__DATASET ENTRIES__.
◆ ◆ ◆ ◆ ◆ ◆ ◆

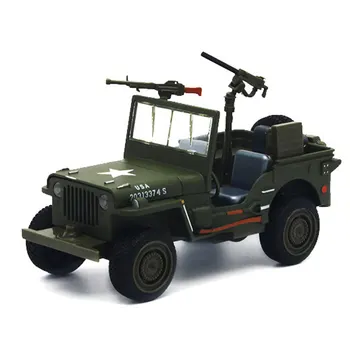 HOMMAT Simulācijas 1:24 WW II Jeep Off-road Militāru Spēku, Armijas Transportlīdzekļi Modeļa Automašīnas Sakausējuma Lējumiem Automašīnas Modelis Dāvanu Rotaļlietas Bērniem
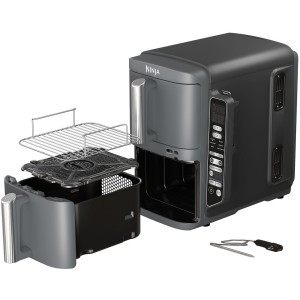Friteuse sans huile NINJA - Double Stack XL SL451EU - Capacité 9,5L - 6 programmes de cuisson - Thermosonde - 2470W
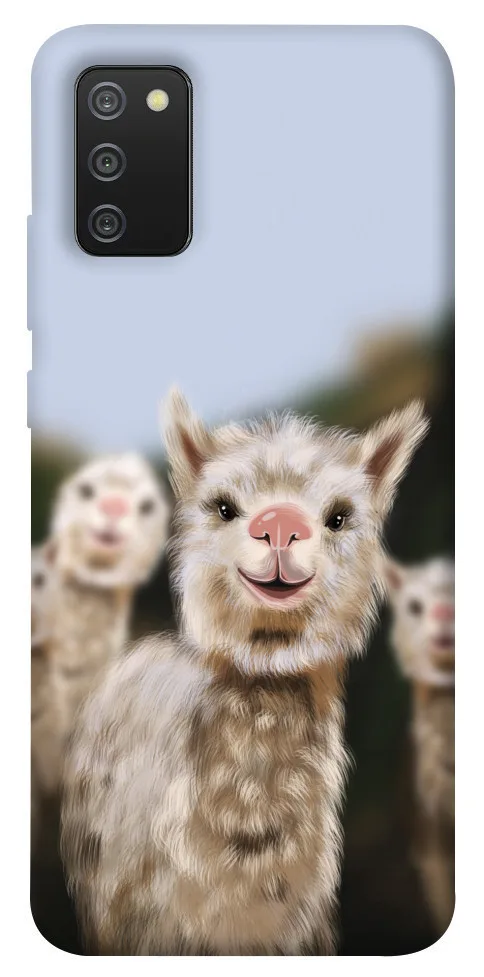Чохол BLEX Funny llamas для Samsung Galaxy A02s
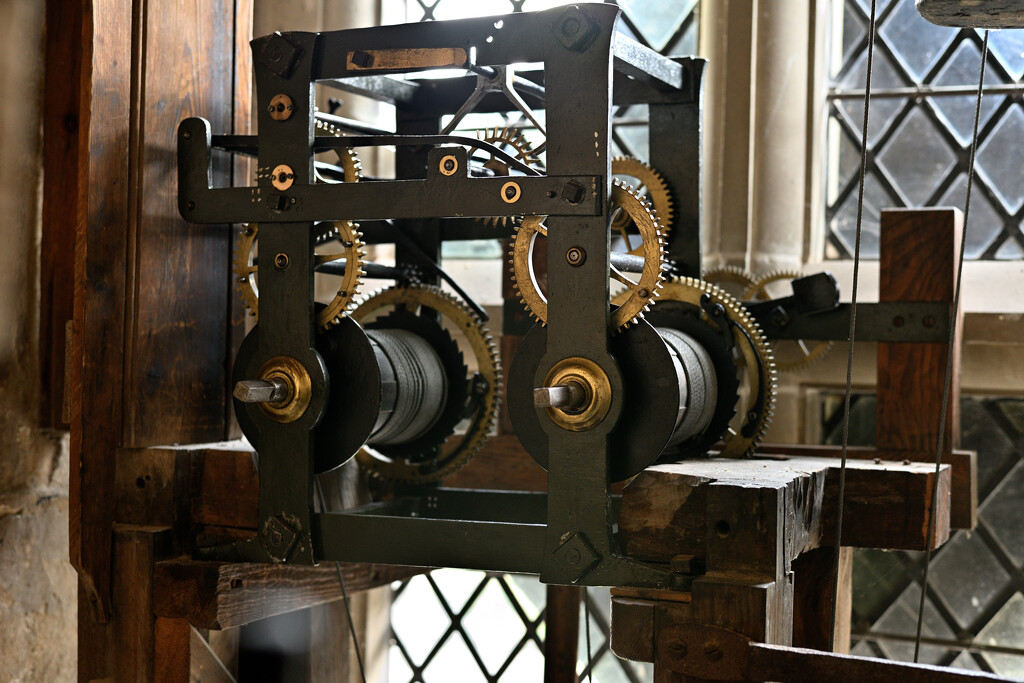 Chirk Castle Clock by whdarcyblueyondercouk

◆ ◆ ◆ ◆ ◆ ◆ ◆

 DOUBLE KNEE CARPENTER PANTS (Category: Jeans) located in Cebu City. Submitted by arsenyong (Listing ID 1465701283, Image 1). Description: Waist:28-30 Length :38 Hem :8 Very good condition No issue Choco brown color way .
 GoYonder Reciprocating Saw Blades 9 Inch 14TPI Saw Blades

◆ ◆ ◆ ◆ ◆ ◆ ◆

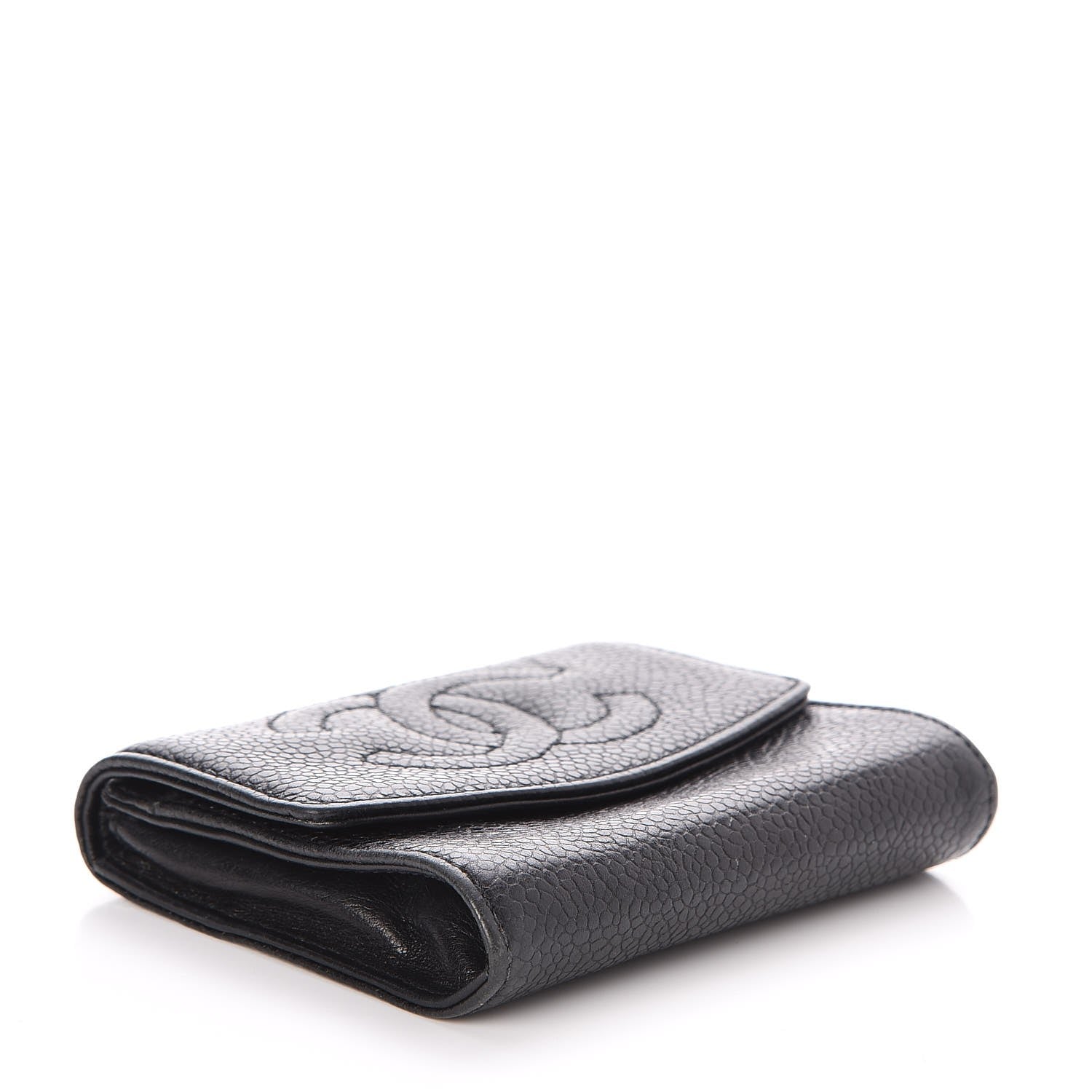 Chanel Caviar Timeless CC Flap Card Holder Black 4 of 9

◆ ◆ ◆ ◆ ◆ ◆ ◆

__EXERCISE DIRECTIONS__. The answer must be the lines above from the one containing "Чохол BLEX Funny" through the one containing "Chirk Castle Clock by whdarcyblueyondercouk", reproduced exactly, with no pictures and nothing else.

__ANSWER SPACE__.
Чохол BLEX Funny llamas для Samsung Galaxy A02s
 Chirk Castle Clock by whdarcyblueyondercouk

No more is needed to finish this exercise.